California Researchers Create Flexible, Interactive E-Skin; Lights Up When Touched


The University of California researchers have created the world's first user-interactive 'electronic skin' that reacts to touch and pressure by instantly lighting up.

The e-skin contains a pressure-sensitive circuit array that is slim, elastic and radiant. When the flexible skin is touched, bent or pressed, built-in LEDs glow. The stronger the touch, the brighter the light it emits.

The researchers claim that the bendy e-skin could be used to restore feeling for people with prosthetic limbs, in smartphone displays, car dashboards, smart watches, interactive wall papers, or can be even used in robots to give them a lifelike skin and a finer sense of touch. It can be easily laminated to any surface.

The skin was created by Associate Professor Ali Javey and his team.

 "We are not just making devices; we are building systems. With the interactive e-skin, we have demonstrated an elegant system on plastic that can be wrapped around different objects to enable a new form of human-machine interfacing," said Javey, a professor of electrical engineering and computer sciences at the Berkeley campus of the university.

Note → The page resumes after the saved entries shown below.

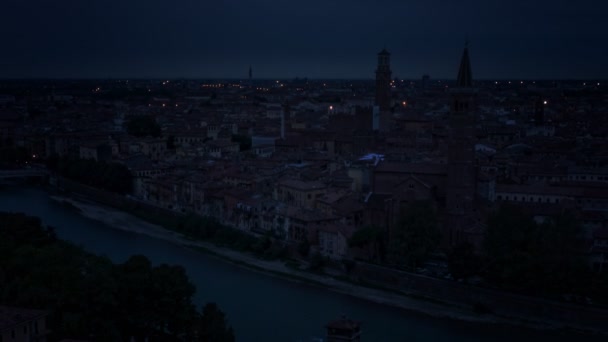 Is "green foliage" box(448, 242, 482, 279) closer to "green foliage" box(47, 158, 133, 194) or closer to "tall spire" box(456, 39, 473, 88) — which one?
"tall spire" box(456, 39, 473, 88)

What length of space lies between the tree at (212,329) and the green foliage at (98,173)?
883 centimetres

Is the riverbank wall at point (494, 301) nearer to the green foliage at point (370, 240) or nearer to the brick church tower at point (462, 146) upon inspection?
the green foliage at point (370, 240)

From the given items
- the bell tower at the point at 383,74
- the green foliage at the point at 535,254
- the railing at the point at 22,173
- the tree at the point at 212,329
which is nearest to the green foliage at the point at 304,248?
the green foliage at the point at 535,254

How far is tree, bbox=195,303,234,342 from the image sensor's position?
17.9 feet

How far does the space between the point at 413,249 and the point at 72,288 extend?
386 centimetres

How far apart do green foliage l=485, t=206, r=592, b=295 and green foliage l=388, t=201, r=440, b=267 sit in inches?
26.0

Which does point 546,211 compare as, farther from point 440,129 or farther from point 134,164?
point 440,129

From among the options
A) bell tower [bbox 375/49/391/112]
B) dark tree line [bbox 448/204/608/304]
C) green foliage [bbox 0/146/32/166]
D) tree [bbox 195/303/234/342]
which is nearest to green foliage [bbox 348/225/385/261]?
dark tree line [bbox 448/204/608/304]

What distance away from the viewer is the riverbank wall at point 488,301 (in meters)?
6.96

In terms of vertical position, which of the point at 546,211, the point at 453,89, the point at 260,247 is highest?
the point at 453,89

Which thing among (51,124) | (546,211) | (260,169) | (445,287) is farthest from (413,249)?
(51,124)

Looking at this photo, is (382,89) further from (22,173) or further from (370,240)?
(370,240)

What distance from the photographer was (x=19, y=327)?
14.8ft

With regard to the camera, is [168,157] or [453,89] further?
[168,157] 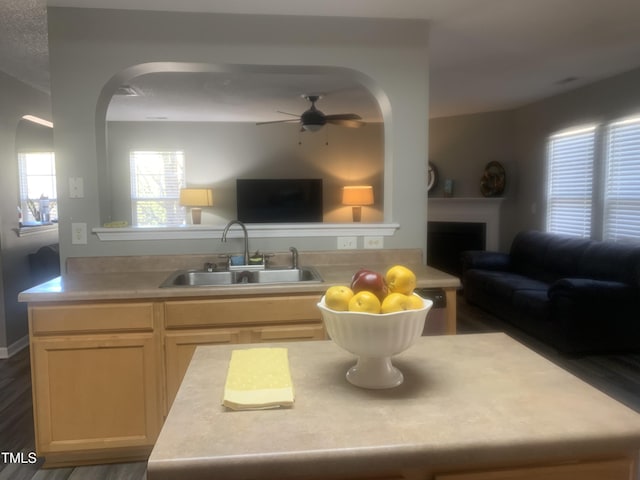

The stretchy e-skin is built using a thin layer of polymer which is melted onto the top of a strip of silicon. Once the plastic hardened, flexible electronic circuits were layered onto the skin. The plastic was then peeled from the silicon base to develop the flexible film with the sensors and semiconductors inside.

"The electronic components are all vertically integrated, which is a fairly sophisticated system to put onto a relatively cheap piece of plastic," said Javey. "What makes this technology potentially easy to commercialize is that the process meshes well with existing semiconductor machinery."

The experimental models of the e-skin measures 16 by 16 pixels and each pixel features a pressure sensor, a transistor and a pixel-sized organic LED.

"I could also imagine an e-skin bandage applied to an arm as a health monitor that continuously checks blood pressure and pulse rates," said Chuan Wang, co-lead author.